Cumpleaños feliz
No sé si a ustedes les pasa, pero yo hay días que me despierto con una canción metida en la cabeza que me paso la jornada canturreando. A veces sé de qué canción se trata; a veces, no tengo ni idea. Solo sé que se me ha metido en el coco y que no desaparecerá hasta que le encuentre una sustituta. Me he tirado unos días interpretando mentalmente un fragmento instrumental de algo que no conseguía identificar, y solo lo he logrado al leer, casualmente, que el próximo 25 de mayo se cumplen cincuenta años de la publicación del primer disco del británico Mike Oldfield (Reading, 1953), Tubular Bells. ¡De ahí salía el maldito fragmento que me ha tenido obsesionado durante días!
Como recordarán mis lectores más provectos, Tubular Bells lo petó cuando salió a la venta, convirtiendo a su responsable, pese a algunos éxitos posteriores, en una versión de lujo de la figura del one hit wonder, cantante o grupo a los que todo el mundo recuerda por una sola canción. El hombre había empezado como folksinger en 1967, formando con su hermana Sally el dúo The Sallyangie, que grabó un único elepé, Children of the sun (1968). Tras ejercer de bajista y guitarrista con el gran Kevin Ayers, el bueno de Mike se lio la manta a la cabeza y se lanzó a trabajar en su obra magna, Tubular Bells, que contó con otros dos posibles títulos que no llegaron a cuajar, Breakfast in bed (Desayuno en la cama) y Opus One. Fan de Sibelius, Oldfield aspiraba a crear una sinfonía electrónica para los consumidores de música pop, y a punto estuvo de comérsela con patatas, pues le dieron con la puerta en las narices en todas las discográficas a las que recurrió…Hasta que llamó a la puerta adecuada, la de Richard Branson, que convirtió Tubular Bells en el primer lanzamiento de su sello Virgin Records. Y el resto es historia: todo el mundo ha escuchado, entero o en parte, Tubular Bells, aunque solo sea viendo El exorcista, la película de William Friedkin que incluía en su banda sonora cuatro minutos de la magna obra especialmente inquietantes. A día de hoy, la aceptación global de una excentricidad como Tubular Bells sigue sorprendiéndonos a muchos.

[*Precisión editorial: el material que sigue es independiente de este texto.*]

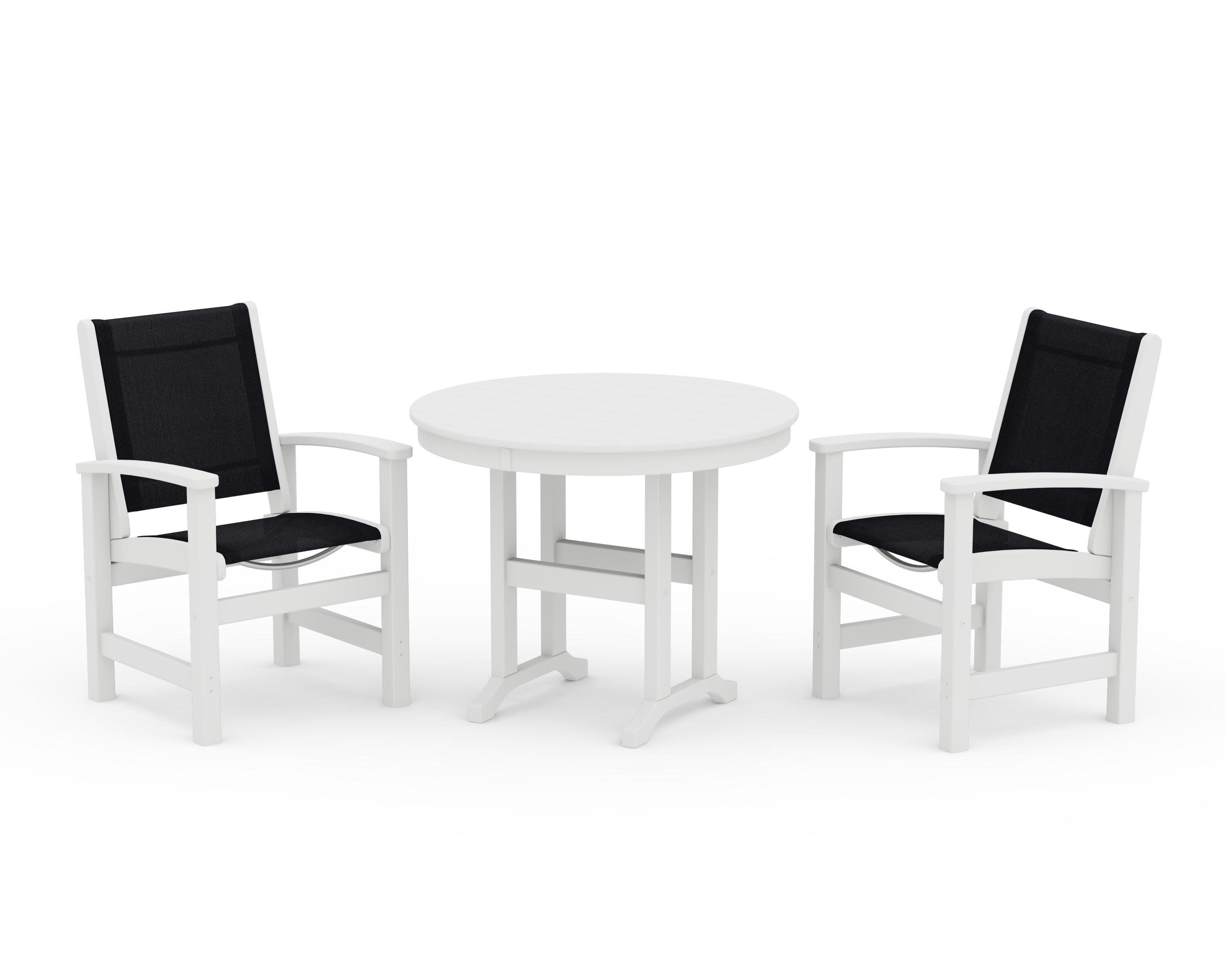 Coastal 3-Piece Round Dining Set in White / Black Sling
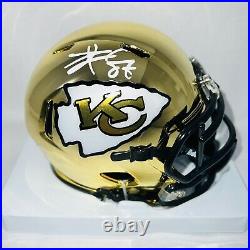 Travis Kelce Kansas City Chiefs Signed Gold Chrome Mini Helmet BECKETT COA
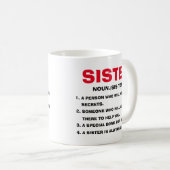 姉妹マグカップ、姉妹の定義マグ、シスター コーヒーマグカップ (正面右)
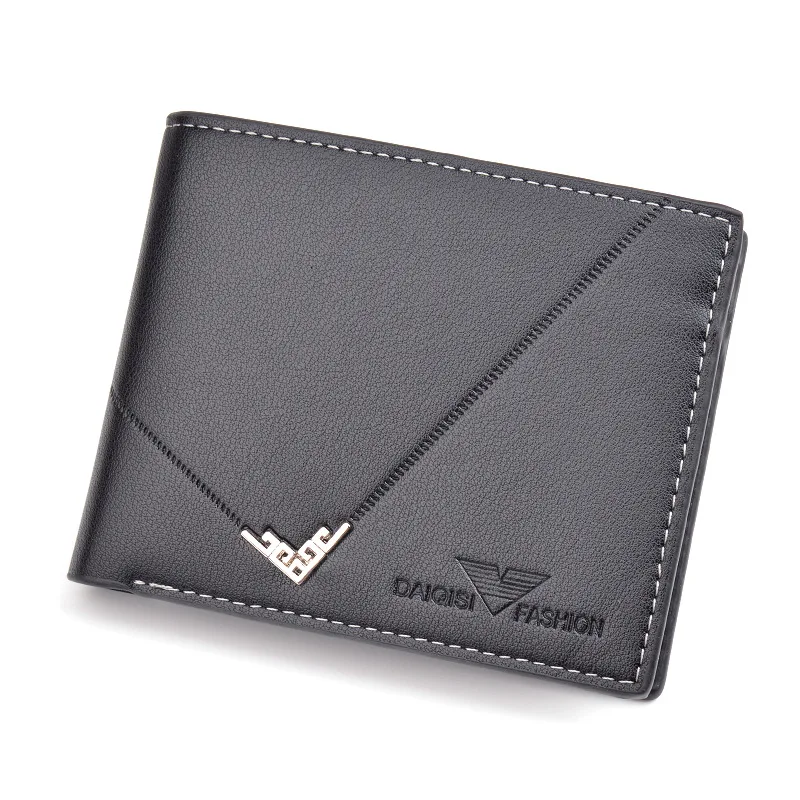 

Men's Short Fashion Thin Wallet Male New Three Fold Zipper Coin Purses Multi-card Slots Holder Horizontal Business Wallet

Después de su insólito álbum de presentación, el señor Oldfield –recuerdo que gozaba de la simpatía de algunos amigos desafectos al rock & roll porque lo suyo se les antojaba más serio y ambicioso, aunque, en mi modesta opinión, a veces rayara en lo pretencioso- publicó otros discos que le funcionaron la mar de bien, como Hergest Ridge, Ommadawn o Incantations. Pero, poco a poco, su estrella empezó a apagarse hasta llegar al momento actual, en el que, ya prácticamente jubilado, la gente se refiere a él mayormente como “el de Tubular Bells”. Realmente, en 1973, lo suyo fue una hazaña muy notable, pues logró convertir un experimento personal en una obra que compraron millones de personas y que le hizo inmensamente rico. Reconozco que siempre le he tenido más respeto que admiración y que su tour de force nunca me acabó de llegar al alma (el año de Tubular Bells, yo escuchaba en bucle el For your pleasure de Roxy Music y el Aladdin Sane, de David Bowie, publicados ese mismo curso), pero me quito el sombrero ante el señor Oldfield, como ante cualquiera al que se le mete algo en la cabeza y no para hasta conseguirlo, por muy difícil que se lo pongan. Por no hablar de que, gracias al aniversario número 50 de Tubular Bells, por fin conseguí identificar la musiquilla que se me había metido en el cerebro y me obligaba a canturrearla mentalmente de la mañana a la noche. He tenido experiencias peores, pero se las ahorro porque me dan vergüenza.